--- Problem details ---
Output exactly, and only, the stretch of lines beginning at the line with "توزيعات مكسرات" and ending at the last line of the listing below. Drop the pictures.

--- Provided data ---
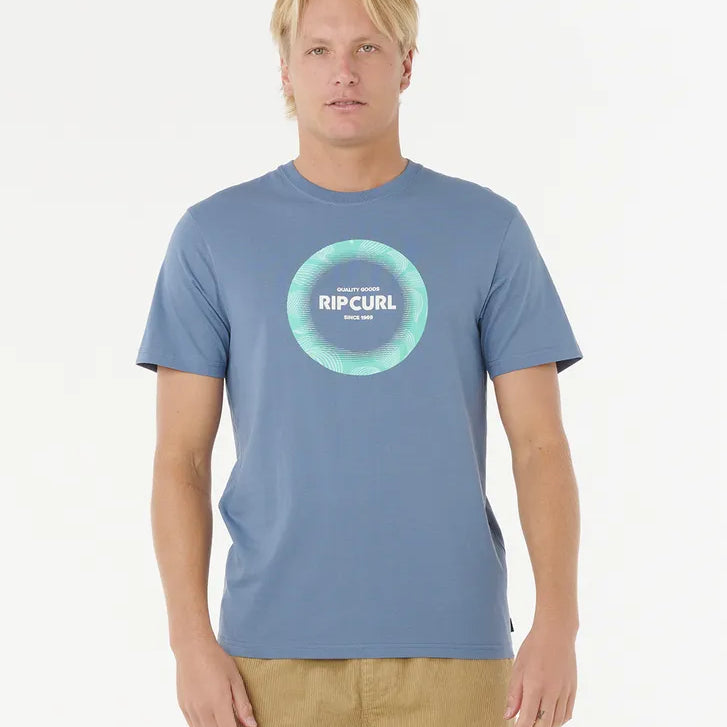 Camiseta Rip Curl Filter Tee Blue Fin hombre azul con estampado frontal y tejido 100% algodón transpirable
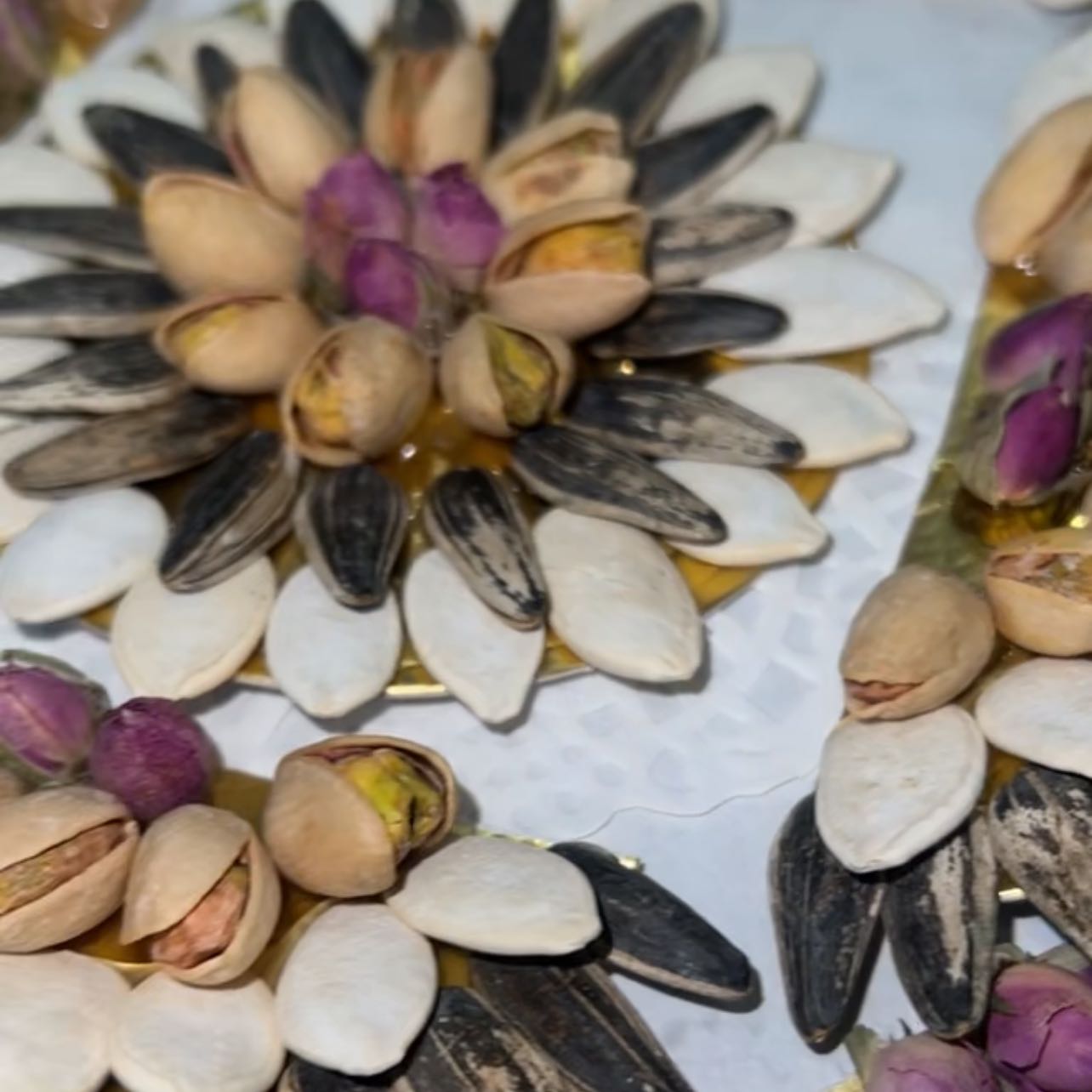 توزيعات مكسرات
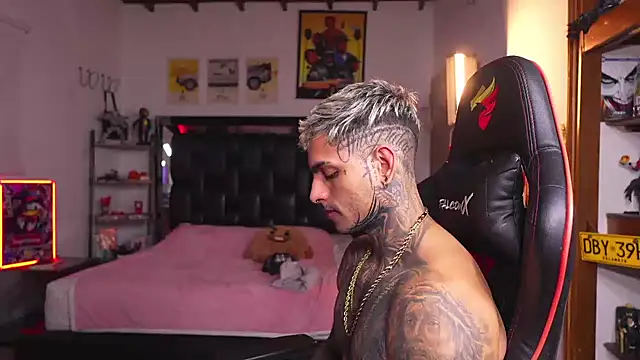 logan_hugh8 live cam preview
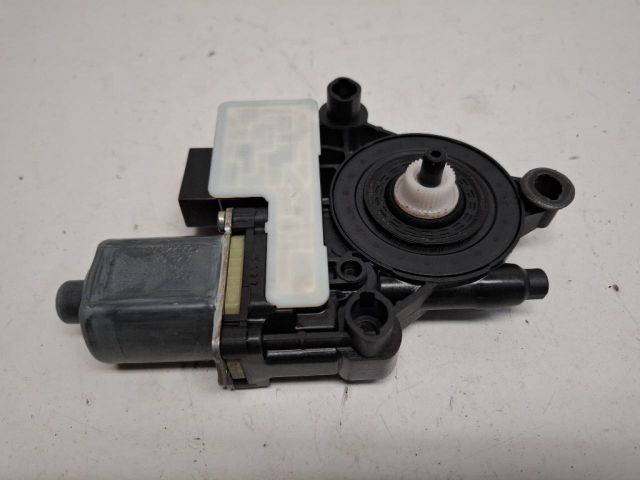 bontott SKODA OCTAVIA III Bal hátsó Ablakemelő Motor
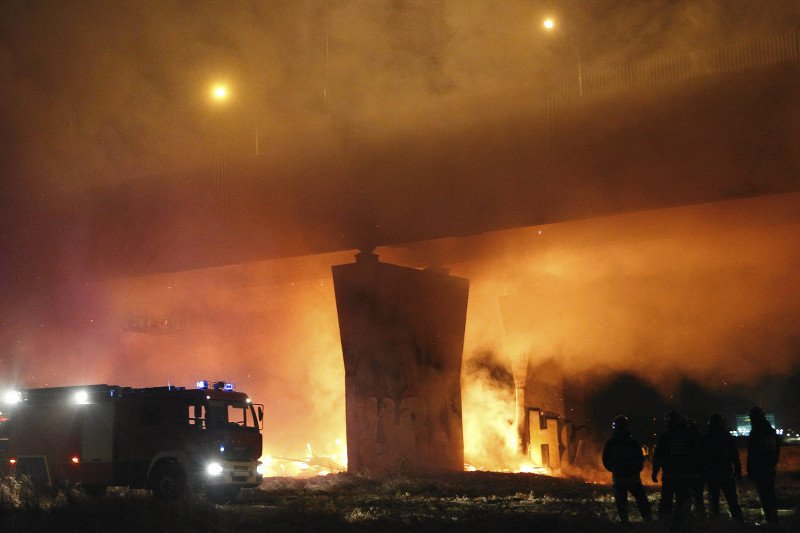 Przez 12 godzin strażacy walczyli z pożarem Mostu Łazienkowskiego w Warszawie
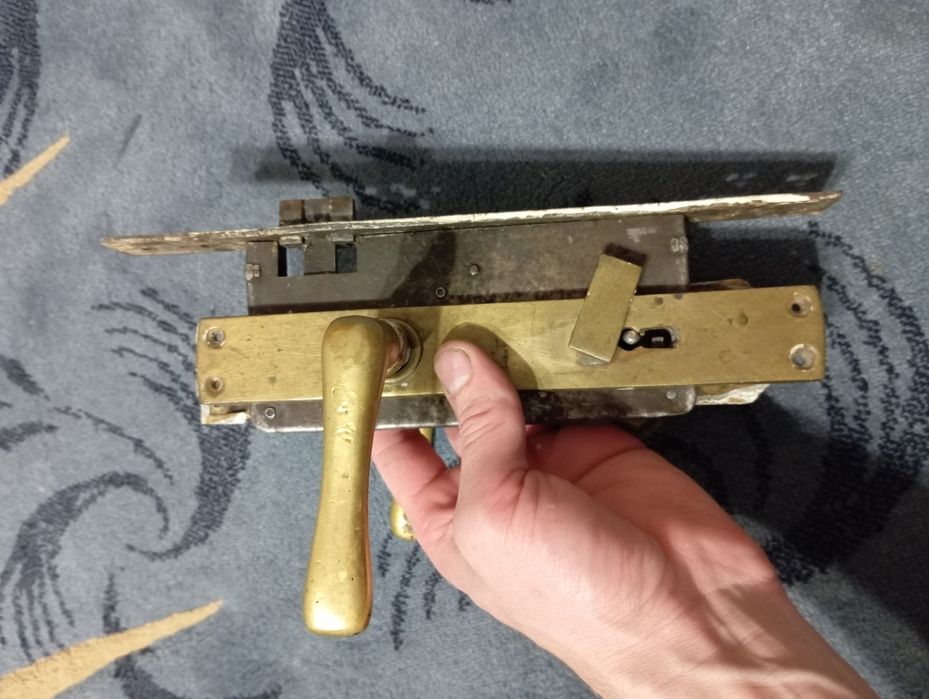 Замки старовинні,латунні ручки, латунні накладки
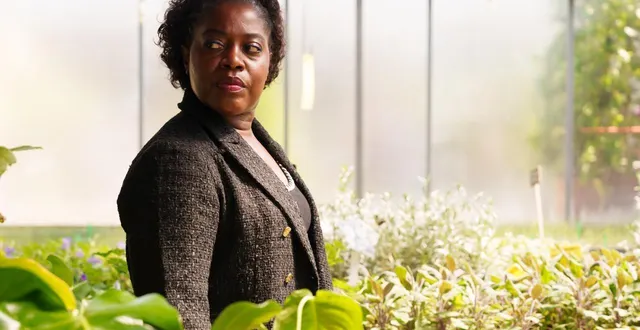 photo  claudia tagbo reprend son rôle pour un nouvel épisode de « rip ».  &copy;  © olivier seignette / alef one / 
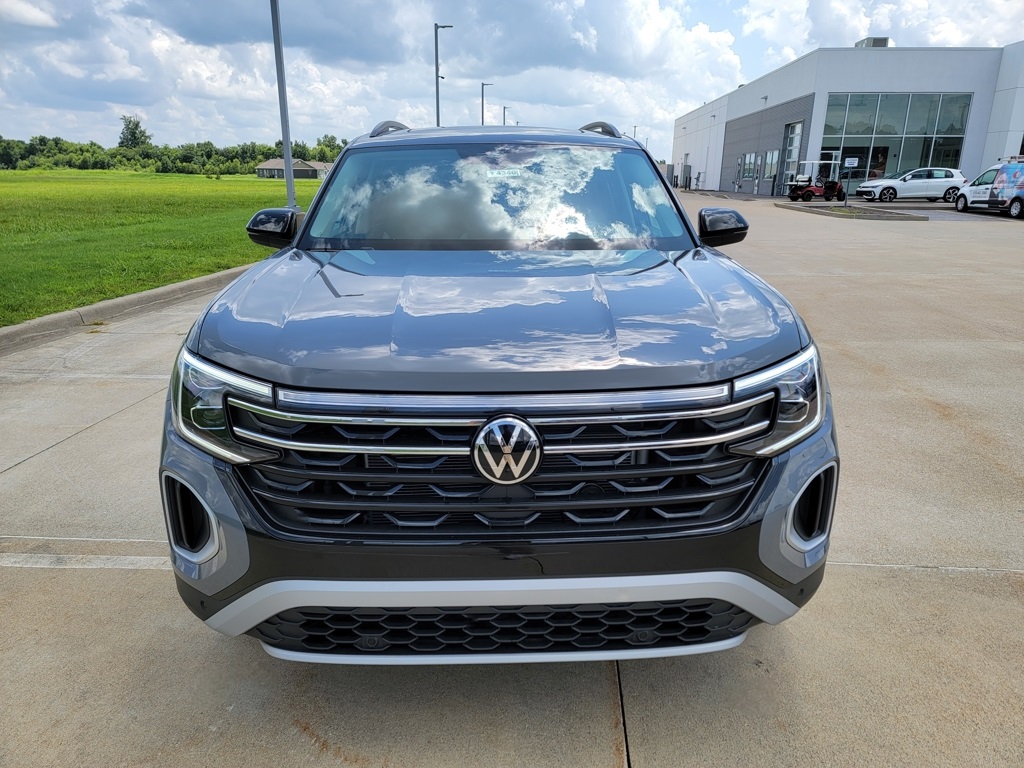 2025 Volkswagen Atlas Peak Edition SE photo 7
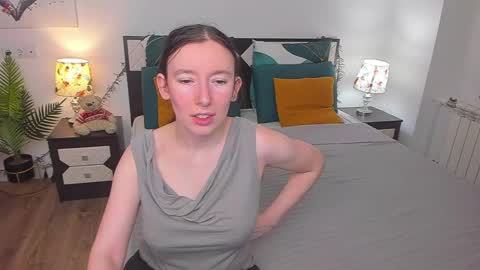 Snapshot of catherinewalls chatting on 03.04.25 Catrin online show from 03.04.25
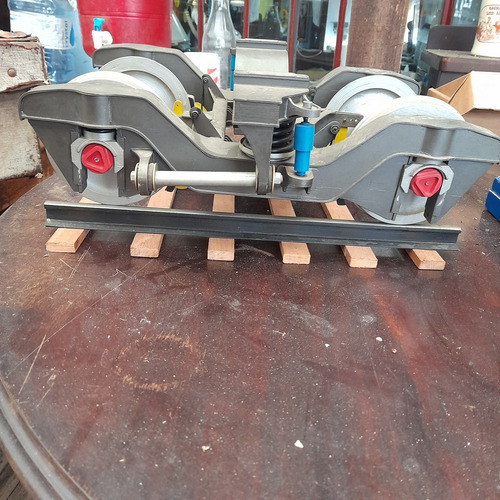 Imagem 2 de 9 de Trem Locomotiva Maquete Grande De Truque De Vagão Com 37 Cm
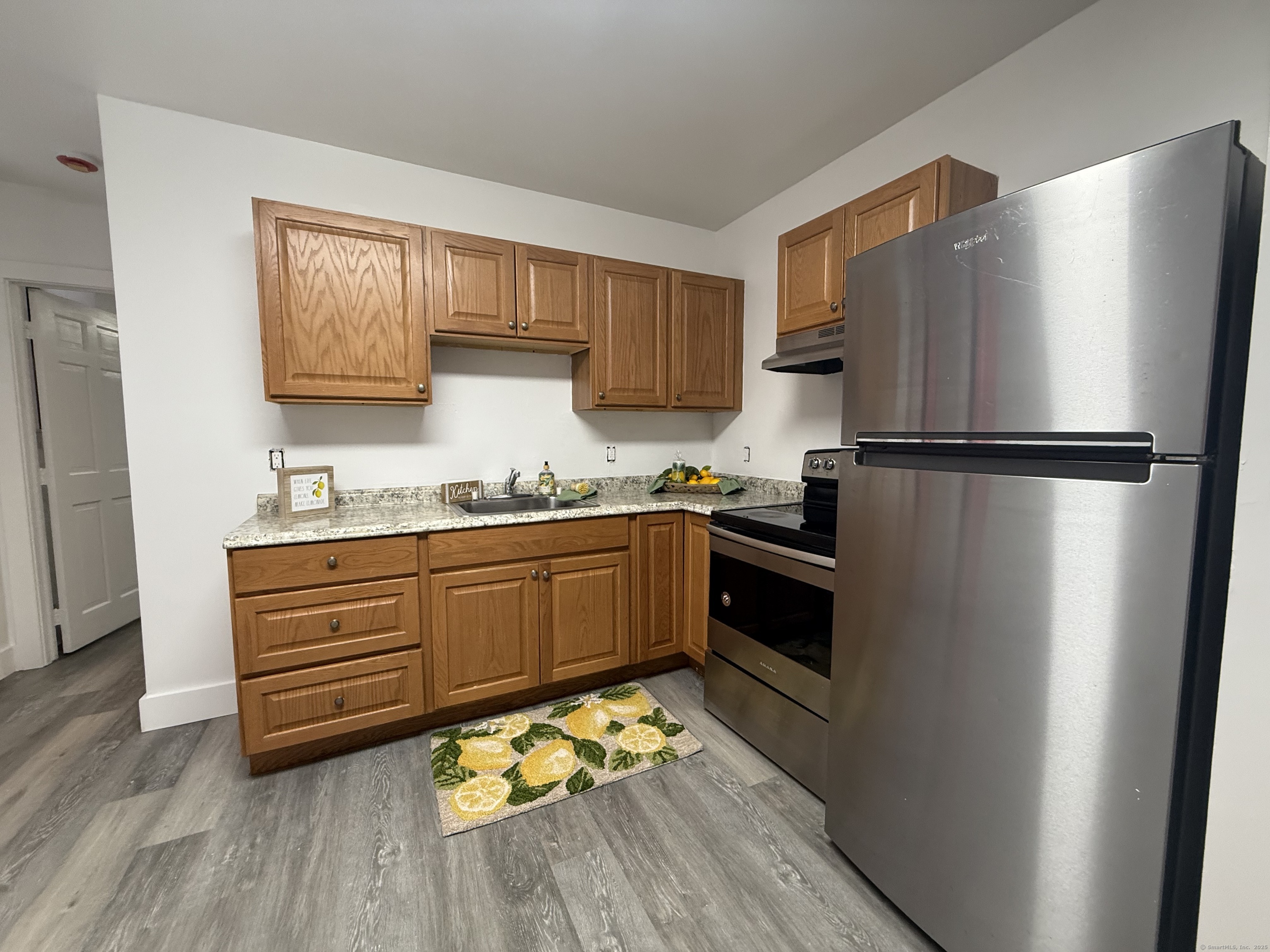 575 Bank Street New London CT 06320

--- Solution for this exercise ---
 توزيعات مكسرات
 logan_hugh8 live cam preview
 bontott SKODA OCTAVIA III Bal hátsó Ablakemelő Motor
 Przez 12 godzin strażacy walczyli z pożarem Mostu Łazienkowskiego w Warszawie
 Замки старовинні,латунні ручки, латунні накладки
 photo  claudia tagbo reprend son rôle pour un nouvel épisode de « rip ».  &copy;  © olivier seignette / alef one / 
 2025 Volkswagen Atlas Peak Edition SE photo 7
 Snapshot of catherinewalls chatting on 03.04.25 Catrin online show from 03.04.25
 Imagem 2 de 9 de Trem Locomotiva Maquete Grande De Truque De Vagão Com 37 Cm
 575 Bank Street New London CT 06320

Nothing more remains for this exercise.